Fenêtre sur le large, haïbun, Hélène Bouchard, Éditions David, avril 2014
Commentaire publié dans "L'écho de l'étroit chemin", le journal de l'AFAH, juin 2014
Dans les pages de ce recueil, deux
ans de la vie d’Hélène Bouchard, au cours desquels elle se fait l’écho de l‘ordinaire, du menu et du
quotidien. Sa voix résonne en un long
haïbun composé de 74 maillons égrenant les saisons, qui se lisent aussi
séparément. Avant-propos et épilogue, tous deux également écrits sous la forme
de haïbun, éclairent, contiennent et prolongent à la fois cette tranche de vie.
Dès la couverture du recueil –
qui découvre dans un rectangle évidé la Côte-Nord du Québec – et le titre, Fenêtre sur le large, l’espace
d’écriture se définit à la fois comme paysage intérieur et déploiement vers le monde :
Ouvrir une
fenêtre, puis une autre, puis une autre.
Ainsi se révèle, entre maison
et littoral, échappées dans la nature et parenthèses citadines, territoire
familier et îles lointaines, êtres proches et étrangers indifférents ou bienveillants,
un univers à géométrie variable. Autant de flux et reflux : au cœur des
éléments, l’être tout entier, convoquant ses cinq sens, s’emplit, se désemplit…
Je me recharge à
cette source intarissable…
Face à cette
plénitude, savourer le vide qui s’opère à l’intérieur de moi.

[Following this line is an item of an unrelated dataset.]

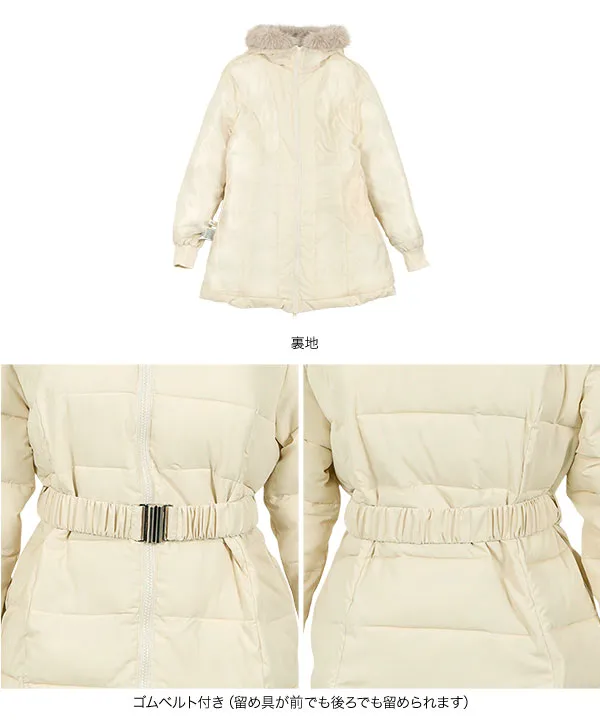 ベルト付きファーフード中綿コート [K1413] | 特別価格&送料無料 12/14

Si parfois plane une ombre
passagère devant la fragilité de la vie, la
froidure et la grisaille des mois d’hiver ou le désagrément provoqué par un
rhume, très vite l’horizon s’éclaire à nouveau face à la blanche tranquillité d’un paysage enneigé, lors d’une escapade
festive, à la faveur d’un brusque rayon de soleil après la pluie, à la vue d’un
visage aimé :
héritage
de la grand-mère
au petit-fils
le bleu du
regard
Le haïku fonctionne ici comme
un gros plan sur un présent expansé entre passé et avenir. Il est à la fois
instantané et point d’orgue, à l’instar de la vie qui s’inscrit autant dans
l’éphémère que dans la continuité.
Car si l’objectif passe tour à
tour du champ large au plan rétréci et inversement, de l’enveloppe corporelle à
la vastitude, il entraîne du même
coup dans ses déplacements une pensée et une mémoire chargées de bâtir des
ponts entre les générations. Ainsi, l’espace temporel, devenu à son tour malléable,
balaye les époques, convoquant dans le moment vécu les années révolues. Si le petit-fils
crée le lien, les femmes, fille, mère, grand-mère, qui transmettent la vie,
également :
mon petit-fils
en habit de
lapin
à croquer sur le
vif
Chaque fête
pascale me rappelle ces dimanches de mon enfance. […] Ma mère disait…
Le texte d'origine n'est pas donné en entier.